Me dedico al periodismo, la comunicación y a escribir libros como “Exceso de equipaje” (Debate, 2018), ensayo sobre el turismo que se desborda; “Biciosos” (Debate, 2014), sobre bicis y ciudades; y “La opción B” (Temás de Hoy 2012), novela... Aquí hablo sobre asuntos urbanos.
Salvar un gimnasio para salvar la ciudad
Hay un lugar en Barcelona en el que parecen confluir buena parte de los conflictos urbanos, un sitio que podría servir de ejemplo para mostrar lo que va mal en nuestras ciudades. El local es también un punto de encuentro de muchas de las soluciones para esos conflictos, un espacio no sólo físico en el que ha coincidido un puñado de personas e ideas que proponen cambiar el futuro de ese lugar y de la misma ciudad. En el distrito de Ciutat Vella, tan castigado por tantas cosas, allí donde se encuentran los barrios del Raval, Sant Antoni y Poble Sec, hay una inmueble único en el que ocurren cosas estupendas.
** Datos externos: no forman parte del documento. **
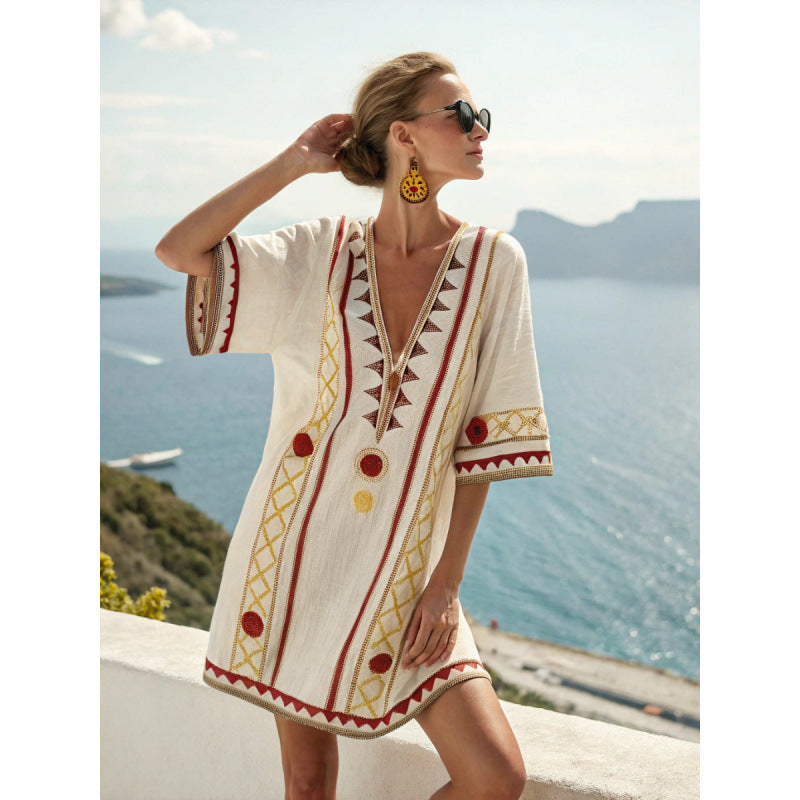 Vestido Midi Floral con Escote en V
El gimnasio Sant Pau se llama a sí mismo social y hace muy bien. Con casi 80 años de historia, ahora es gestionado por una cooperativa de trabajadores que no sólo da servicio como espacio para la práctica de deportes varios a precios populares, sino que ofrece acceso gratuito a personas de colectivos vulnerables y duchas para personas sin hogar, da acceso a adolescentes a cambio de revisar que van bien en los estudios, abre la piscina una vez a la semana para que las mujeres musulmanas puedan nadar y mantiene horarios especiales en Ramadán, tiene vestuarios y da clases para personas trans, permite el registro a las personas sin papeles y, en general, está abierto para todos aquellos a los que se suelen cerrar las puertas.
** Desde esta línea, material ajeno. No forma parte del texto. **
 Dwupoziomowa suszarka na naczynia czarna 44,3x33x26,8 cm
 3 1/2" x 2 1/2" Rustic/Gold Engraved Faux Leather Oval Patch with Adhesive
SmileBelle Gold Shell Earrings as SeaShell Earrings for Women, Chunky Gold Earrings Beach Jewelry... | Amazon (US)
Todo eso ocurre cada día en un suelo —planta baja y un piso sobre la calle— que es un caramelo para el capital inmobiliario. En esa zona asolada por la gentrificación y la sustitución de vecinos por turistas, el Sant Pau es la promesa de un negocio mayúsculo para la propiedad, la familia Samaranch-Viñas (sin relación, al parecer, con la olímpica).
Por eso, los trabajadores del gimnasio llevan años peleando contra los intentos de expulsión y promoviendo la unión de vecinos, colectivos y profesionales mediante una movilización y una propuesta cuyos planteamientos y objetivos van mucho más allá de la supervivencia del propio negocio y tienen que ver con la activación de procesos de verdadera democracia participativa en los barrios, con un modelo innovador de vivienda con fin social y con una ciudad que sabe que defender y salvar espacios y proyectos como éste es una manera de salvarse a sí misma.
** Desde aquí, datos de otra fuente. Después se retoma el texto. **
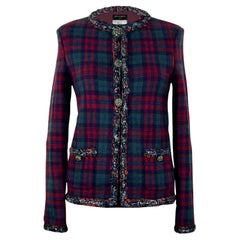 CHANEL New Paris / Edinburgh Ikonische Rote Tartan Jacke 34 FR
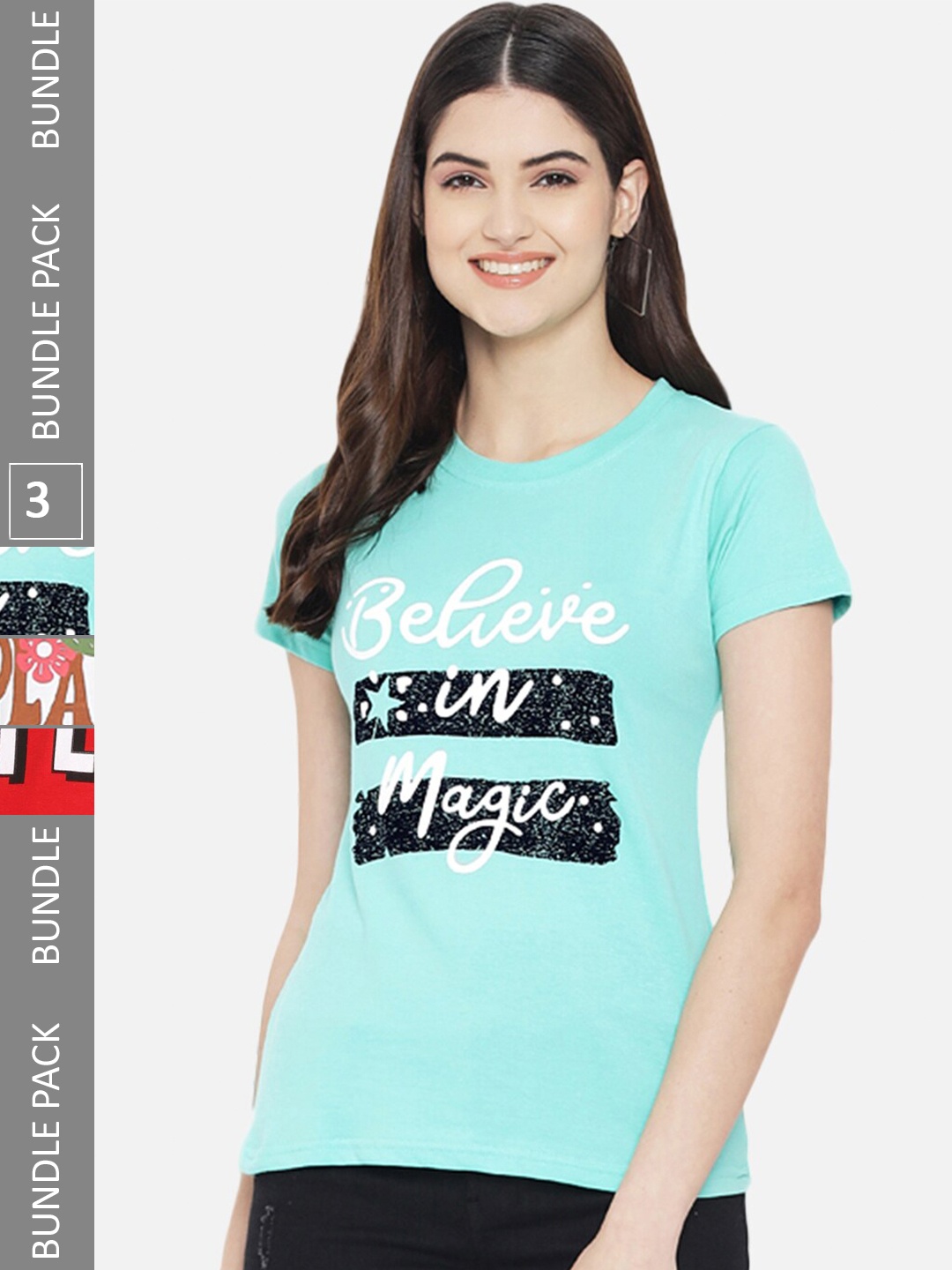 Fabflee Pack Of 3 Typography Printed Regular Fit Cotton Casual T-shirt, Blue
El problema es que, en las pocas semanas que quedan de año, el gimnasio y el proyecto de construir sobre él vivienda social se la juegan: la propiedad ha demandado de nuevo para lograr el desahucio y el Ayuntamiento de Barcelona no termina de ejecutar las decisiones a las que se había comprometido.
La Historia. Al local donde está ubicado el Sant Pau la acción social le viene de nacimiento. En 1940, en este el 46 de la Ronda de Sant Pau, la Sociedad General Aguas de Barcelona abrió sus Baños Populares “para poner al alcance de la población menos dotada un conjunto de servicios higiénicos”. En esos tiempos de postguerra, de pobreza y de viviendas sin agua ni servicios, se ofrecían baños, duchas y piscina a precios posibles. Así fue hasta 1960, que se hizo cargo la Federación Catalana de Natación y se reconvirtió en gimnasio y en la primera piscina con cloro de la ciudad, donde aprendieron a nadar buena parte de los vecinos de Ciutat Vella. Tras un periodo de gestión por parte de las Escoles Pies, en 1992 adquirió el gimnasio un grupo de profesores de INEF. Tras años de buen funcionamiento y rentabilidad, empezaron a acumular deudas e impagos, según parece por malas inversiones. Ante la amenaza de cierre, un grupo de trabajadores de la empresa se hizo con el negocio por un euro y asumió de las deudas. Eso fue en 2012.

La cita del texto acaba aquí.